BioMar looking to make Chinese fish farming greener
Following a series of trials over the past two years, BioMar said has signed a contract with Minze Long Yang Xia, the largest trout farmer in China, to supply high performance, sustainable fish feed.
The BioMar BioFarm teams, located in both China and Denmark, have been collaborating closely with Long Yang Xia on technical onsite trials. The Danish company said its extensive knowledge on nutritional requirements of trout as well as a strict selection of raw materials according to their characteristics and contribution to sustainability impacts, has resulted in more environmentally optimal feed formulation.

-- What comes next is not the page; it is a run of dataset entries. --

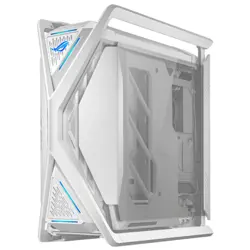 kuciste-asus-gr701-rog-hyperion-bijela-96904-obuasuobu0023.webp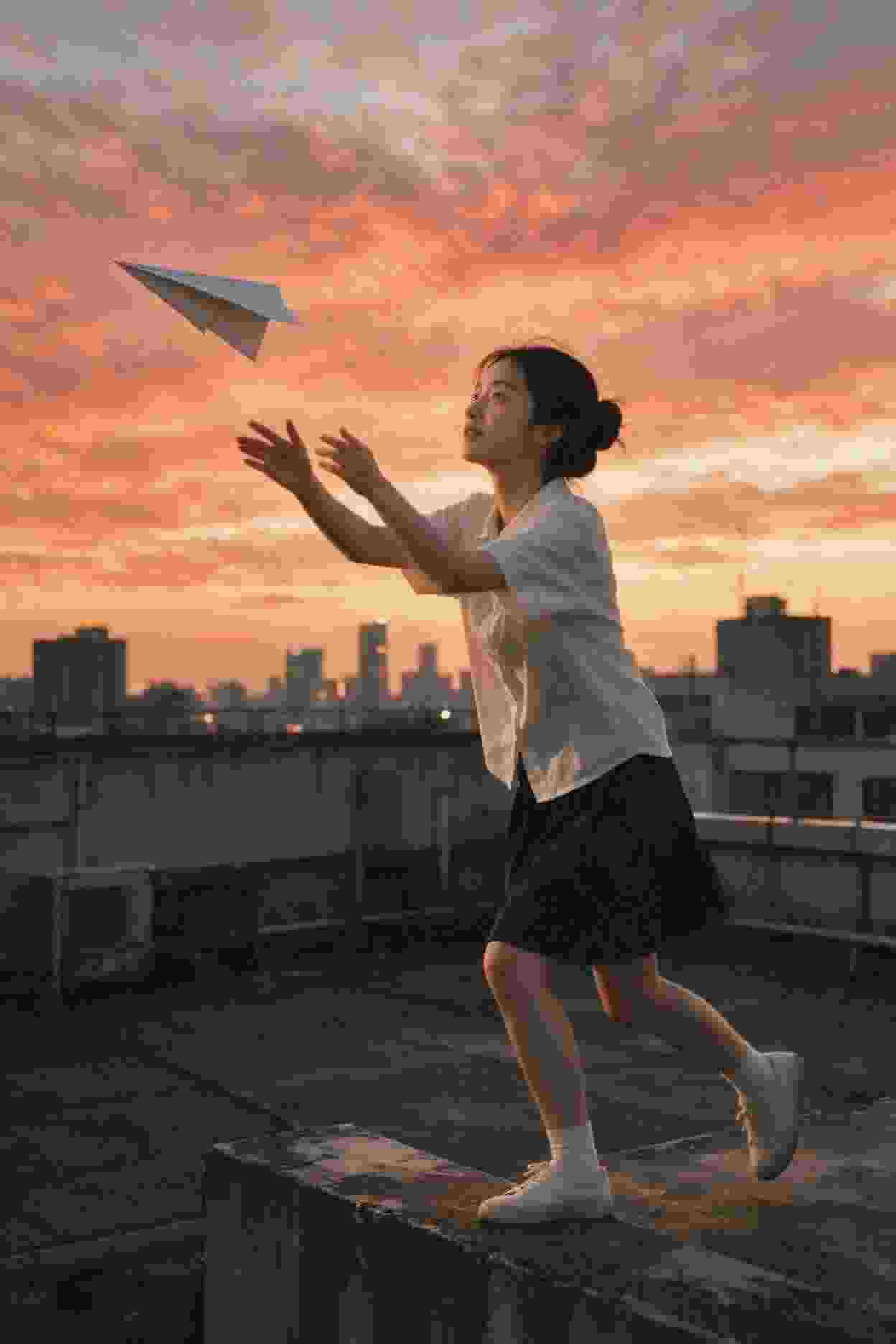 火影忍者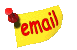 email_mc.gif
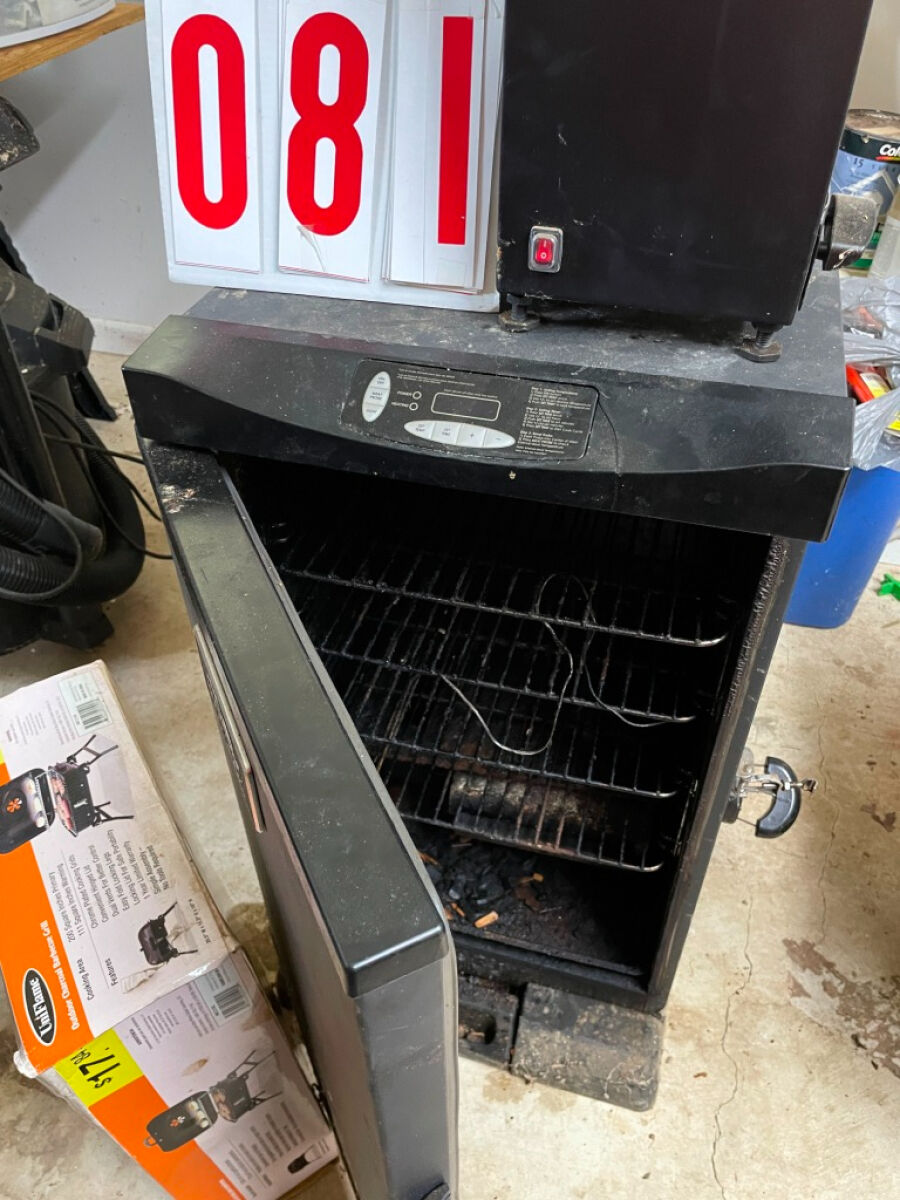 Lot image 2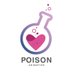 PoisonAhe (@poisonahe) Twitter profile photo PoisonAhe (@poisonahe) Twitter profile photo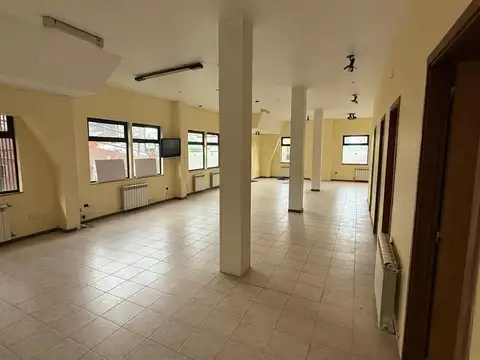 Oficina en Venta 21 años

It did not disclose any of the ingredients in this particular formulation. It just reported that by developing a low impact feed recipe by varying the ingredients, it can play a crucial role in reducing a farmer’s overall environmental footprint.
“During the trials, the BioMar feed formulation was tested against local feed recipes and the reduction in environmental footprint is mainly seen by the high reduction of discharge of nitrogen and phosphorous into the ecosystem when the trout were given the BioMar feed,” a spokesperson for BioMar told us.
The formulation was also designed to ensure optimal trout growth performance and fish welfare, said the group. It is very much tailored to Chinese production:
“The feed trials were undertaken on the farm in China, and took into consideration the specific farming techniques and environmental conditions in the area. This is not only limited to the feed recipes but also includes the feeding strategy," added the spokesperson.
Long Yang Xia is a green pioneer in China, said BioMar. The Chinese producer has also invested in modern aquaculture technologies.
The Danish feed company said it expects other fish farmers in the Chinese market to look to more sustainable feed solutions as the Chinese government implements its new policy to improve the ecological profile of the aquaculture sector.
The majority of aquaculture operations in China are in freshwater or in brackish freshwater but the availability and quality of the water there has been impacted by both natural and anthropogenic activities, leading to poor water quality and reduced productivity in aquatic ecosystems.
Speaking to this publication in January this year, former BioMar executive, Neil Alsted, said fish farming in China has to become smarter.
“There are Chinese companies that understand this, but the farmers need to understand this and legislation has to support it.
“Fish farming in China is still very traditional, small family units. The way of farming has to change.”
The water quality is the limiting factor in Chinese aquaculture production today, he stressed.
“They [the regulators] are taking measures on air quality. [The same] will happen in relation to water quality, in fact, it is happening, but, of course, it is a big transition for the Chinese, it will take some time.”